Autant d’éléments qui augmentent les risques de souffrance au travail, abolissent
toutes limites dans l’exécution du travail et, paradoxalement, renforcent la subordination.

En même temps, nous assistons à la disparition d’un cadre stable de travail.

Ce phénomène se manifeste par :

des formes de travail à domicile sans garde-fou ni protection collective,
l’extrême mobilité géographique et le turn-over,
l’irrespect du droit au repos,
le développement de forfaits dérogatoires sur les heures travaillées qui
crée du travail hors temps de travail rémunéré,
l’extension de l’entreprise hors de ses frontières, le nomadisme et l’investissement des lieux publics ou du foyer par le travail,
l’hybridation des modèles de coordination du travail,
l’hyper-connexion grâce à l’Internet des objets.

Tous ces facteurs se traduisent au niveau des conditions de travail par notamment :

L’éclatement des collectifs de travail,
L’abolition des frontières entre espaces et temps de travail ou de repos,
travail et loisir, vie professionnelle et privée,
L’augmentation de la charge de travail sans qu’il y ait pour autant augmentation des salaires,
L’augmentation du contrôle : Dans une économie entièrement tendue par la performance, la recherche de croissance et de profit, le numérique a ancré dans les pratiques de travail collectives l’évaluation permanente comme un des éléments de la recherche de la performance économique et de la hausse de la productivité.
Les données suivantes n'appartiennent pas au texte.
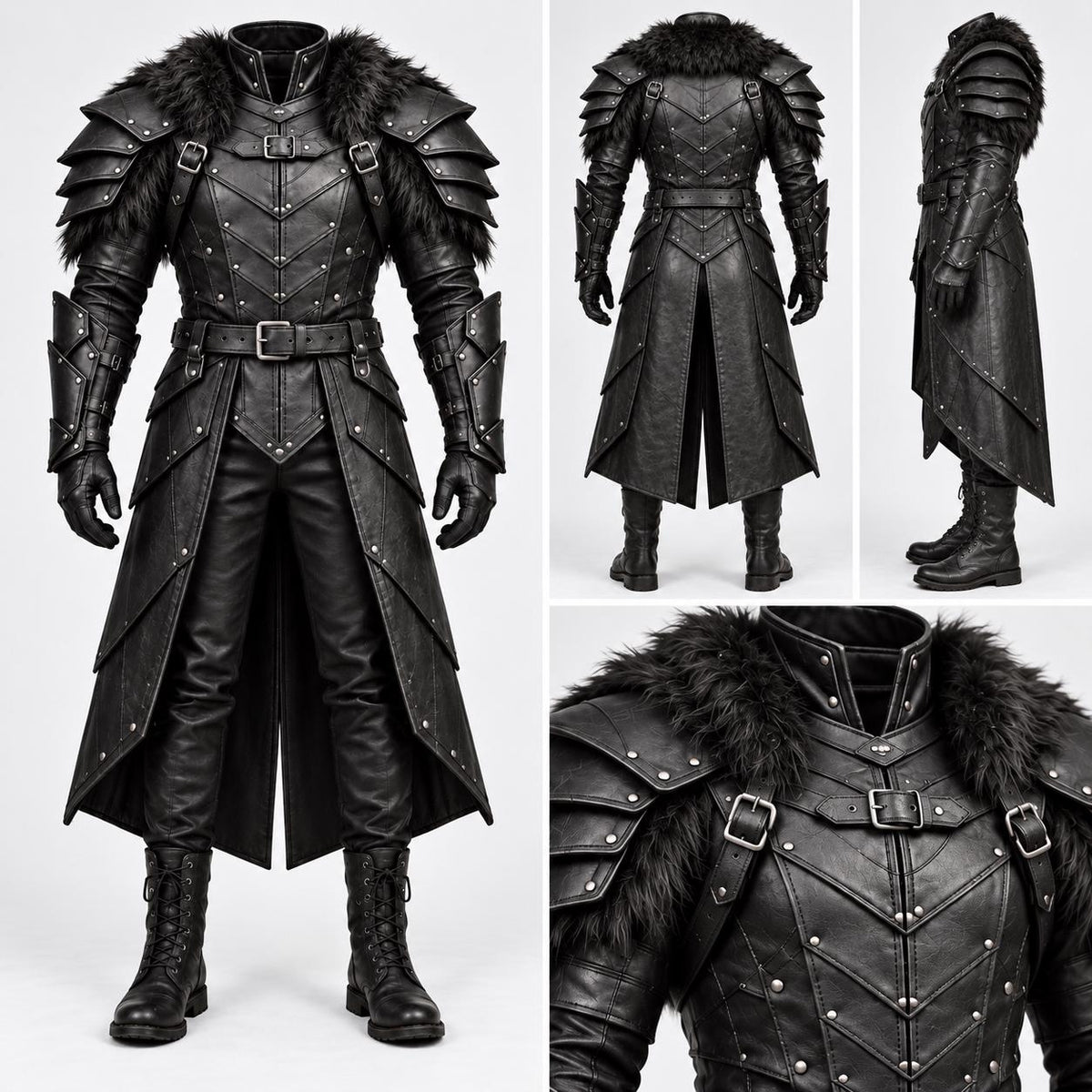 Black Leather Armor for Men | Handmade Medieval Warrior Costume with Layered Shoulder. - Verlain London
Toutes ces tendances participent du modèle « Lean » basé sur une rationalisation du travail visant à limiter au maximum les coûts tout en poussant le salarié « autonome » à trouver lui-même les moyens d’intensifier son travail et d’augmenter sa productivité grâce à un système d’évaluation. Une individualisation à outrance qui s’effectue par un système particulier de
«
rémunération » et se manifeste par le travail gratuit (digital labor) pendant le temps libre.

Changer les conditions de travail mais au profit des salarié-e-s


Mettre les gains de productivité au service de l’intérêt général :

Réduire le temps de travail hebdomadaire à 32 heures,
Assurer la retraite à 60 ans comme norme,
Lutter contre toutes les formes de travail atypiques (travail du dimanche,
astreinte, travail de nuit),
Interdire les forfaits dérogatoires aux 35 heures (forfaits jours notamment),
Réduire les charges de travail : cela passe par un devoir de déconnexion
mais aussi par des dispositions légales qui rendraient illicites toute interruption du temps libre par l’employeur.
Adapter le numérique au travail et non l’inverse :
Sécuriser les espaces de travail, lutter contre la décentralisation : cela revient à limiter la portée du travail en portage, du télétravail et plus généralement du nomadisme en réaffirmant le cadre collectif du travail comme norme de production. Le syndicalisme doit encourager toutes formes de présence et d’organisation entre les salarié-e-s ;
Intégrer les catégories périphériques de travailleurs : requalifier le lien de subordination pour qu’il puisse être caractérisé, non plus uniquement par la subordination juridique, mais également par la dépendance économique. L’objectif vise de réintégrer les auto-entrepreneurs dans le cadre salarial.

Mettre le numérique au service de l’émancipation des travailleurs et du
progrès social :

Lutter contre la « dématérialisation » des relations de travail : Il s’agit avant
tout de recréer les conditions pour que puissent émerger des collectifs de travail ;
Lutter contre l’évaluation et le contrôle permanent des salarié-e-s à partir des outils numériques (système de géolocalisation, filtrage des messageries electroniques, enregistrement des appels);
Promouvoir le droit à la formation : au niveau des destructions d’emplois, assurer un plan de formation vers les métiers du numérique, créer un open data au service des travailleurs ;
Promouvoir la démocratie au travail : démocratiser l’accès à l’information financière concernant la marche et la situation de l’entreprise (multiplicité des flux financiers intra-groupe, fraude fiscale, contrat de sous-traitance,etc..), améliorer l’accès à l’information des représentants du personnel.